Barbara destacó el hecho que asomaba bajo la serenidad de Azhar.

– En cada momento del día. Pero a la larga pasará. Como todo.

Azhar apagó el cigarrillo en un cenicero. Barbara bebió el resto de whisky irlandés. Podría haberse tomado otro, pero consideró aquel deseo una advertencia. Coger una curda no aclararía nada, y la necesidad de coger una curda era una buena señal de que algo en su interior necesitaba aclararse. Pero más tarde, pensó. Mañana. La semana que viene. El mes que viene. Dentro de un año. Esta noche, estaba demasiado agotada para explorar su psique con el fin de comprender por qué sentía lo que sentía.

Se levantó. Se estiró. Se encogió de dolor.

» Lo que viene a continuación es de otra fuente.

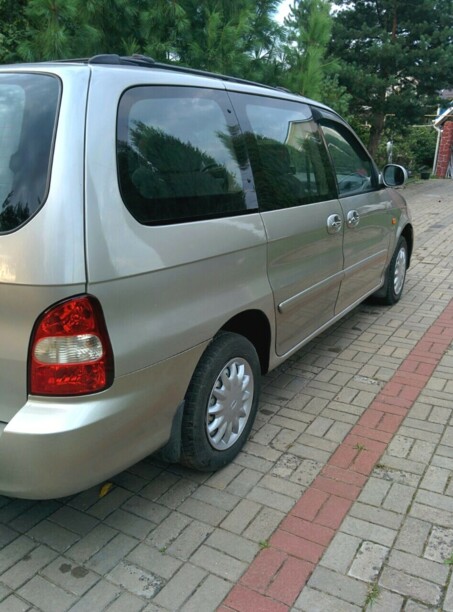 Kia Carnival I, 7 мест, 2000 г.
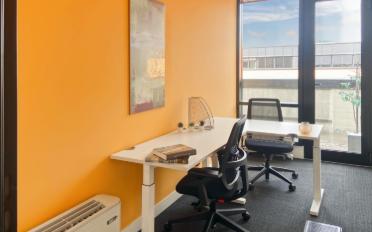 Office - image - 8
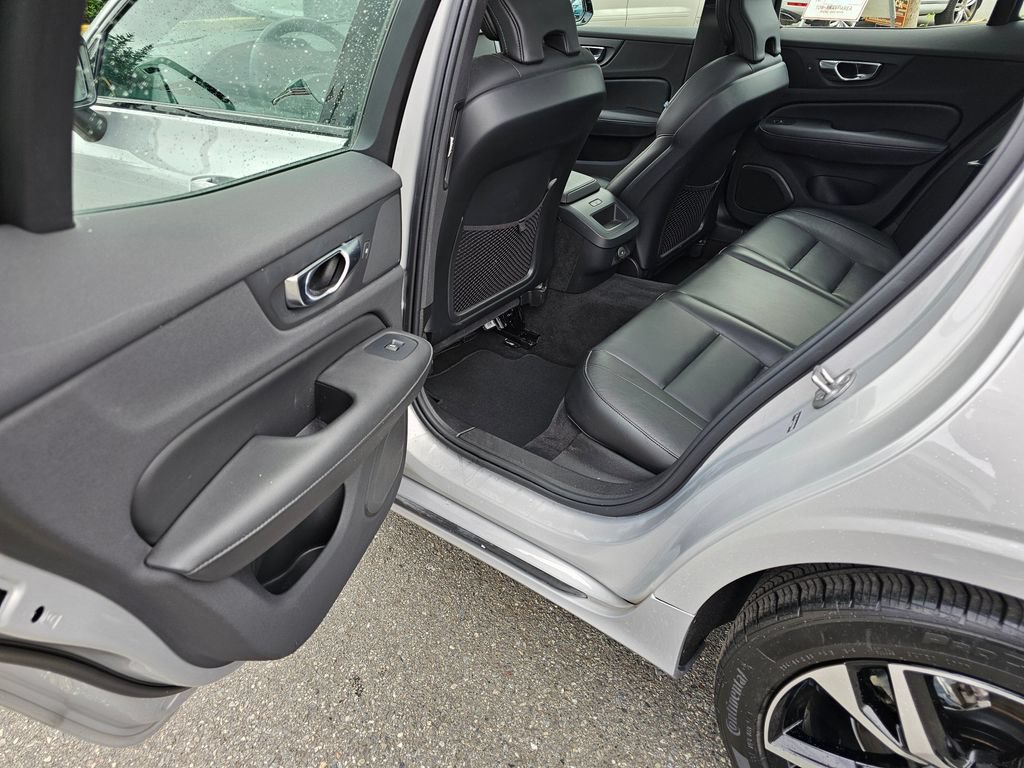 Used 2025 Volvo S60 B5 Core AWD/4WD image 17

– Sí. Bueno -dijo a modo de conclusión-. Supongo que, si esperamos lo bastante, los problemas se solucionan por sí solos, ¿no?

– O mueren sin que los comprendamos -dijo Azhar. Suavizó sus palabras con su irresistible sonrisa. Era irónica, pero muy cálida, una ofrenda de amistad.

Barbara se preguntó por un momento si deseaba aceptar la ofrenda. Se preguntó si, en realidad, deseaba enfrentarse a lo desconocido y correr el peligro de romperse el corazón, aquel maldito órgano del que no había que fiarse. Después, comprendió que, aunque fuera un arbitro insidioso del comportamiento, su corazón ya estaba comprometido, desde el momento en que había conocido a la hija de Azhar. Al fin y al cabo, ¿qué había de terrorífico en añadir una persona más a la tripulación del barco en el que surcaba la vida?

Salieron juntos del salón y empezaron a subir la escalera en la oscuridad. No volvieron a hablar hasta que llegaron a la habitación de Barbara. Fue Azhar quien rompió el silencio.

– ¿Desayunarás con nosotros por la mañana, Barbara? Hadiyyah tiene muchas ganas. -Como ella no respondió al instante, mientras pensaba complacida en lo que significaría otro desayuno compartido con los asiáticos para la peculiar filosofía hospitalaria de Basil Treves, agregó-: Para mí también sería un placer.

Barbara sonrió.

– Con mucho gusto -dijo.

Y lo dijo en serio, pese a las complicaciones que aportaban a su presente, pese a la incertidumbre que aportaban a su futuro.